▶ [SOURCE DATA]
--

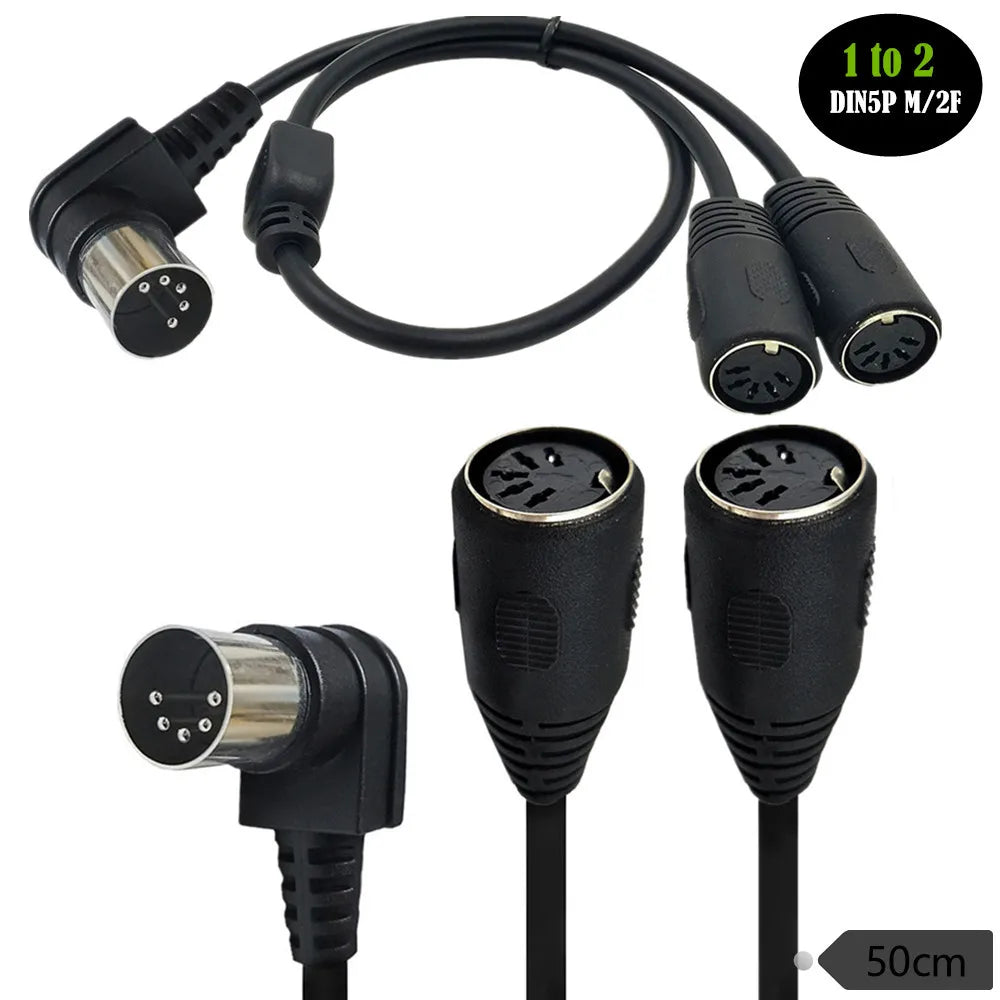 Black midi din 5pin 1-to-2 adapter cable with plastic housing for midi keyboard synthesizer female extension audio connections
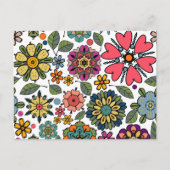 Modern Retro Floral Drawing Seamless Pattern Art ポストカード (正面)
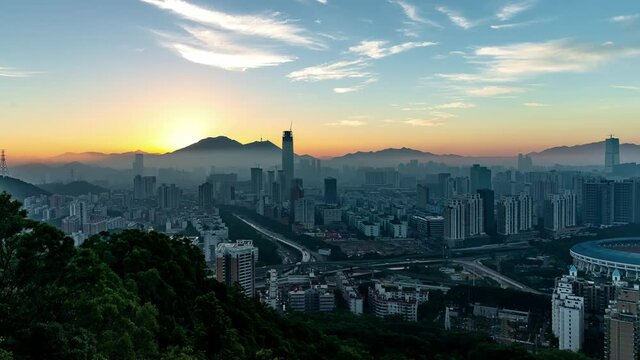 Overlooking the modern city sunset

--

▶ [GOAL OF THE EXERCISE]
Every line of the data should be copied as it stands, without the images.

▶ [WRITTEN REPLY]
 Black midi din 5pin 1-to-2 adapter cable with plastic housing for midi keyboard synthesizer female extension audio connections
 Modern Retro Floral Drawing Seamless Pattern Art ポストカード (正面)
 Overlooking the modern city sunset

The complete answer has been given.